**Try it:** Write down the listing again exactly as it appears below, without its pictures.

__________________________________________________

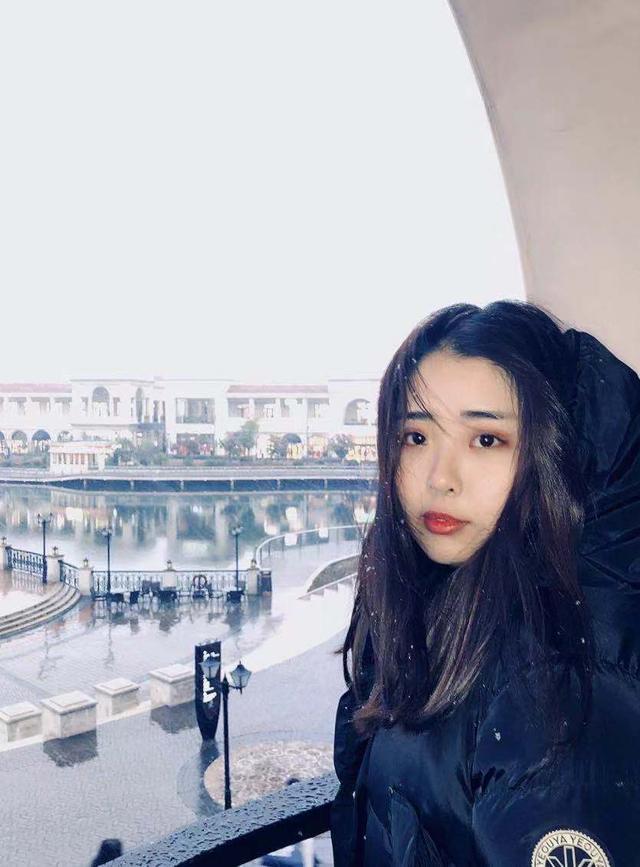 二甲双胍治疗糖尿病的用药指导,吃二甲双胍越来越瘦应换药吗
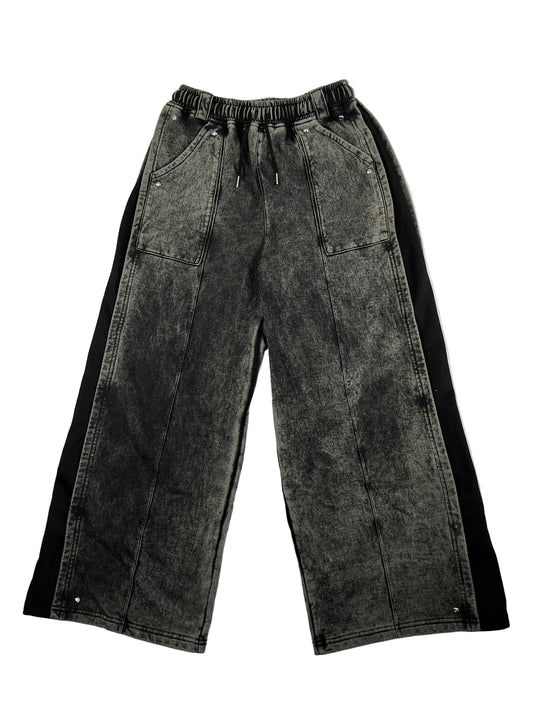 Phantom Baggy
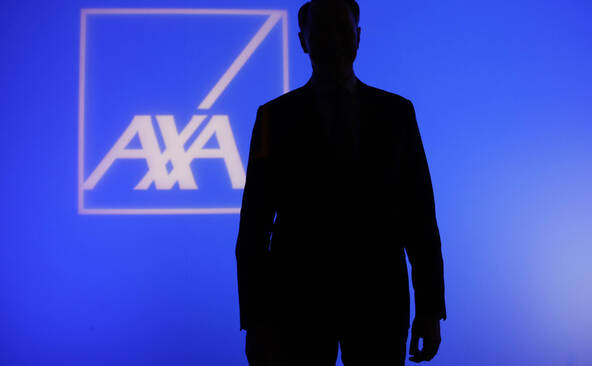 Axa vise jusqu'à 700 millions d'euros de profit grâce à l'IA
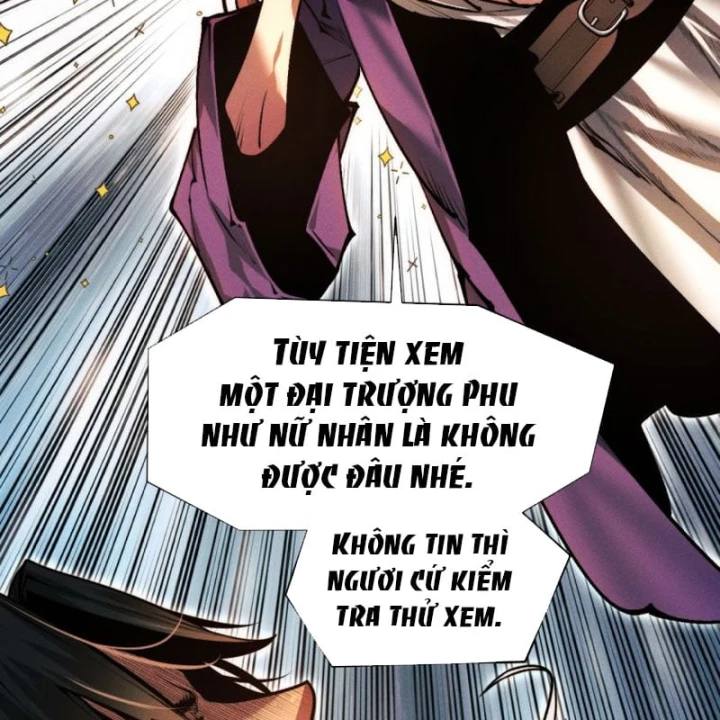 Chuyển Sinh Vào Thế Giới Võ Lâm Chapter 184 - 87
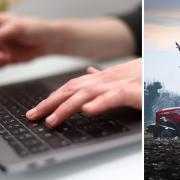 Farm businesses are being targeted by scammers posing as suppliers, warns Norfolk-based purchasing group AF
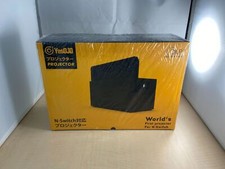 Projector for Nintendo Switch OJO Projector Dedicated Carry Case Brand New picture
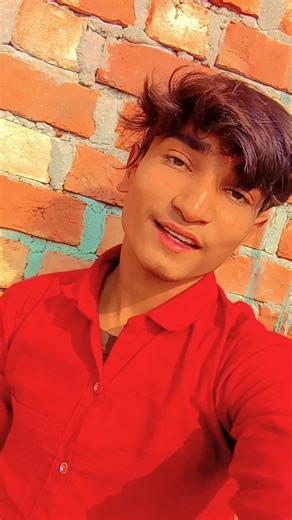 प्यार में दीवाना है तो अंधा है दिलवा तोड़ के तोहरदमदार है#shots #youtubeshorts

__________________________________________________

**Solution:**
 二甲双胍治疗糖尿病的用药指导,吃二甲双胍越来越瘦应换药吗
 Phantom Baggy
 Axa vise jusqu'à 700 millions d'euros de profit grâce à l'IA
 Chuyển Sinh Vào Thế Giới Võ Lâm Chapter 184 - 87
 Farm businesses are being targeted by scammers posing as suppliers, warns Norfolk-based purchasing group AF
 Projector for Nintendo Switch OJO Projector Dedicated Carry Case Brand New picture
 प्यार में दीवाना है तो अंधा है दिलवा तोड़ के तोहरदमदार है#shots #youtubeshorts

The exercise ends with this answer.